В восемь утра старый Брунчик часто бил в подвешенный лемех. Так ещё до войны созывали на пожар, но теперь и бой был торжественней, и старик нарядней, с Георгиевским крестом, да люди шли к школе без колготни, уверенно, хотя и скорой походкой. Струнников с Аксютой пришли пораньше, пристроились на брёвнах, возле машины, где роились мальчишки, примеряя каски и прося солдат пальнуть по церкви. Пахло пылью и зноем, а порой неуловимый ветерок доносил гарь с нижних улиц, где торчали только трубы и дымились ещё черные головешки, школа стояла без стёкол, с посеченными стенами и сорванной в одном месте крышей.
Дмитрий Иванович почти и не рассматривал школу, да и бесполезное это было дело: за два года оккупации очки явно стали не по глазам, отчего часто болела голова, он щурился, протирал стекла без конца, порой с руки пытаясь навести на резкость. Недостаток зрения он компенсировал за счёт резко обострённого слуха.

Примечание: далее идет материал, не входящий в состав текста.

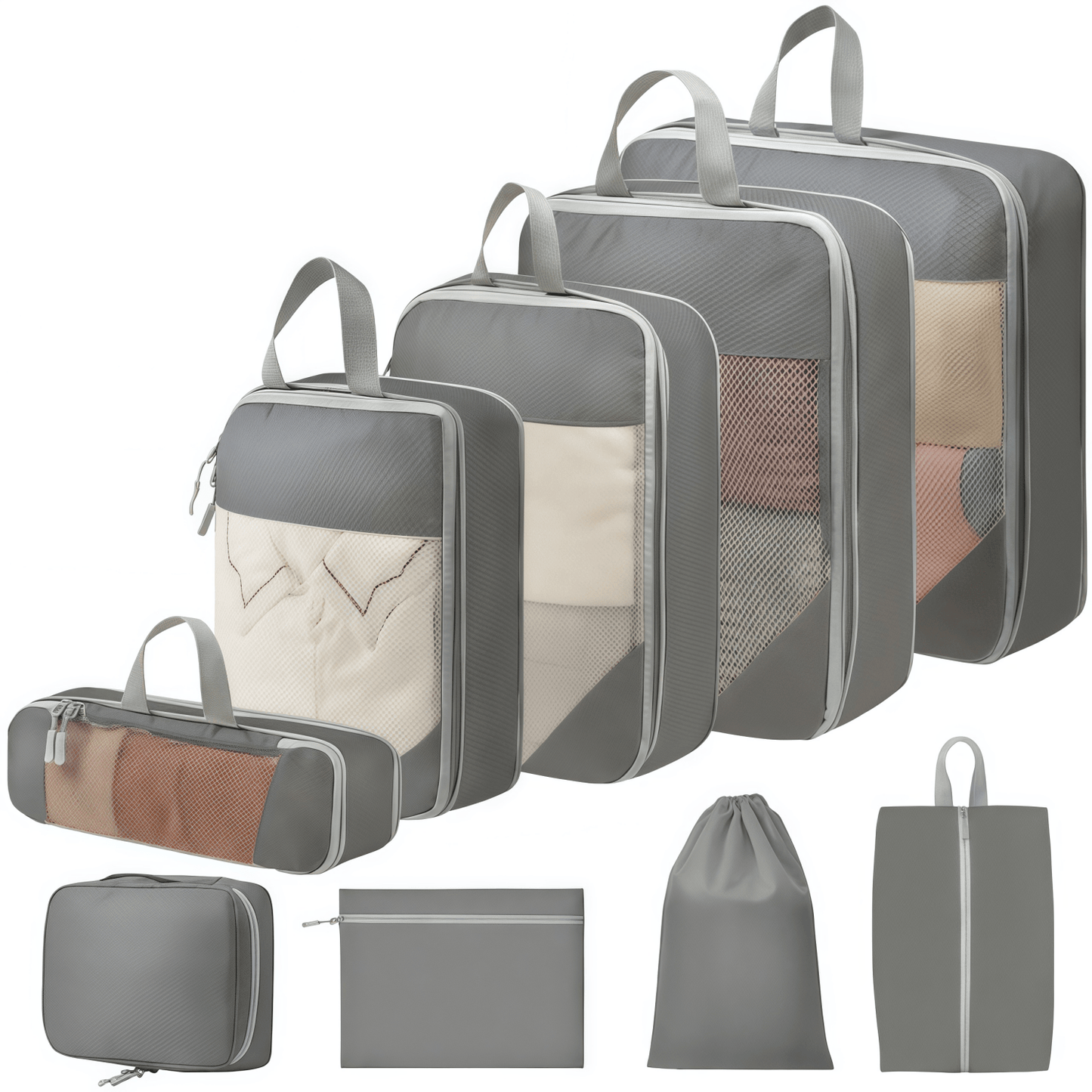 Travel Compression Packing Cubes Set - Water-Resistant Ripstop Luggage Organizers
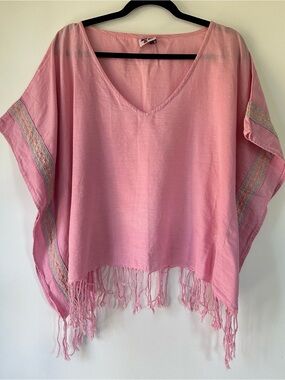 Z&L Embroidered Linen Drapey Top with Fringe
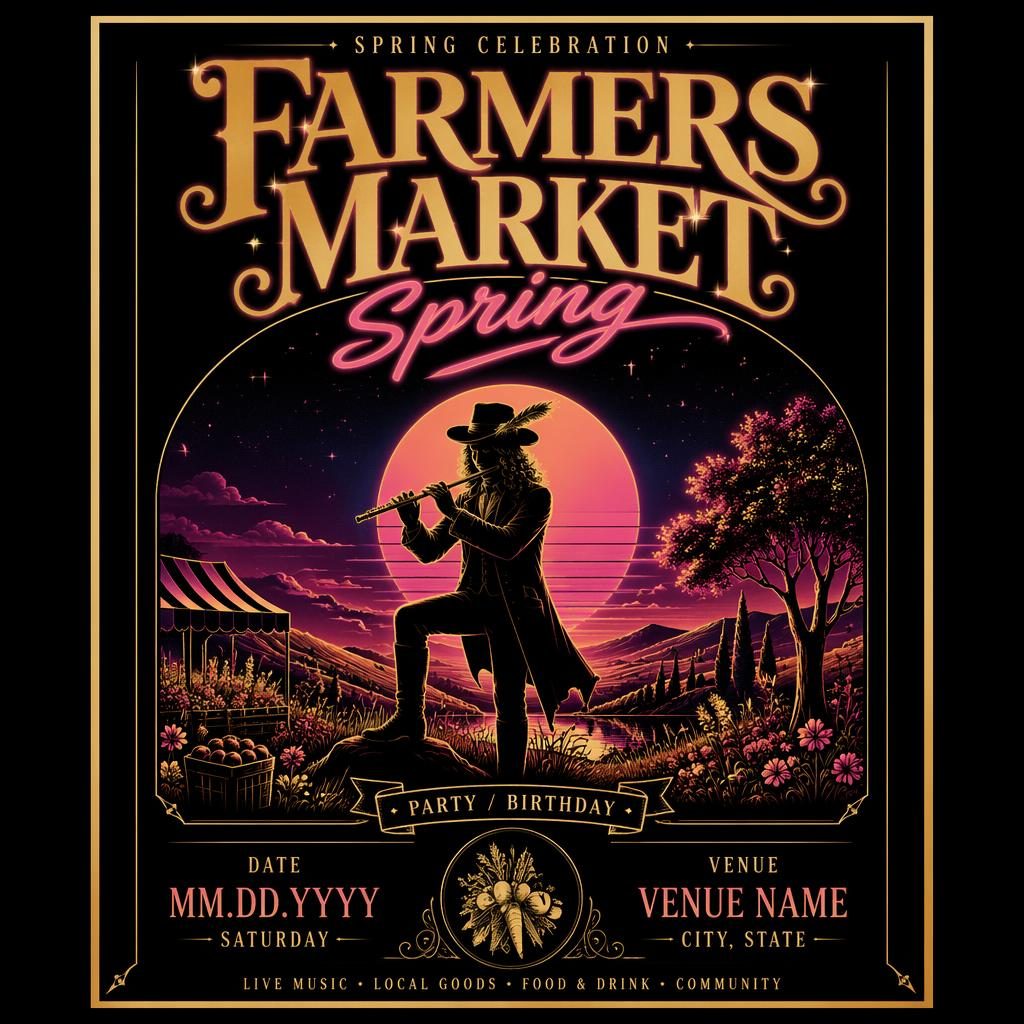 Retro 1980s neon event poster for a spring farmers market party with black and gold palette and sharp placeholder text.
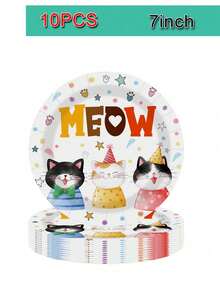 20/10 piezas Juego de vajilla con temática de gato, incluye platos, vasos, servilletas, decoraciones de cumpleaños con temática de gato. Platos de 7 pulgadas, platos de 9 pulgadas, vasos de papel de 9 onzas, servilletas. Decoración de mesa para fiesta de cumpleaños con temática de gato, fiesta de cumpleaños, fiesta temática - Multicolor - Ver 2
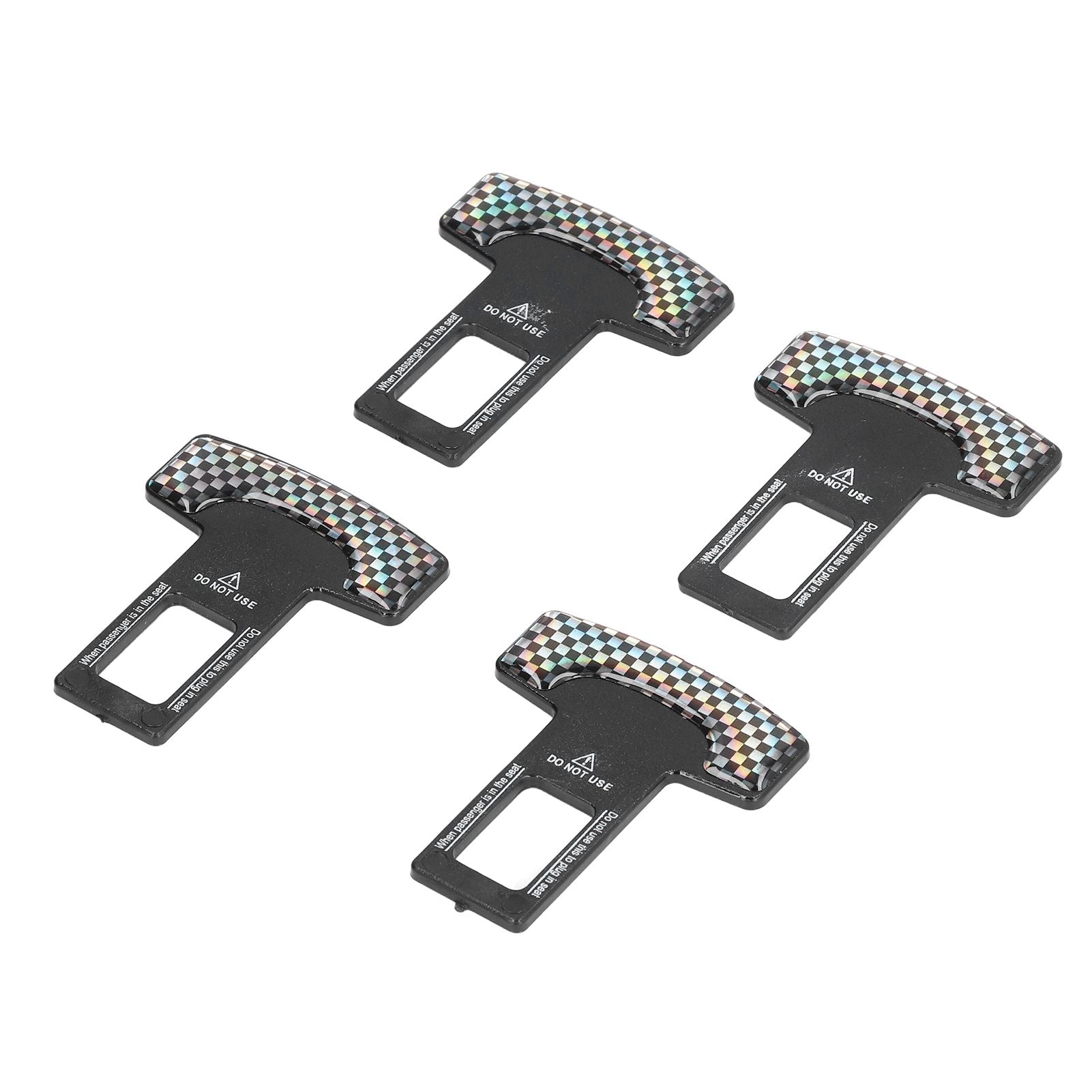 4PCS/Set Car Seat Safety Belt Stopper Buckles Alarm Canceler Carbon Fiber Aluminum Alloy Universal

Но сегодня крайне рассеян, ловил какие-то обрывки, непонятные, неясные, и, казалось, малозначащие. Ну что это — Курский выступ? Кто это — Ватутин? Какое ему до всего этого дело. Парням и мальчишкам, может, и интересно, ишь как прилипли к сержанту! А тот ну и понукает, будто на лошади шпарит: «А проситесь у майора. В разведчики пойдёте. Да не меньше года еще воевать! А лучше в особый отдел — и со жратвой лучше, и гимнастерки почище. Ну что ж что опасно? На передовой — не слаще. Да и повадки гадов этих знаете. Небось, и в селе полно было полицаев да предателей. А майор наш — мужик что надо! Кому восемнадцать — проситесь. Вчера пятеро наших подорвались на мине, люди нужны. Что? Э, братва! Майор наш всё может и без военкомата, да и какой военком, от Белгорода одни камни остались. Пока суть да дело, в Харькове будем. А у нас отчаянные головы нужны. Армия впереди. А наш брат — подметает. Гляди, в том лесу сколько ещё гадов осталось! А что армия — они взяли энный населённый пункт — и дальше. Чистить нам придётся.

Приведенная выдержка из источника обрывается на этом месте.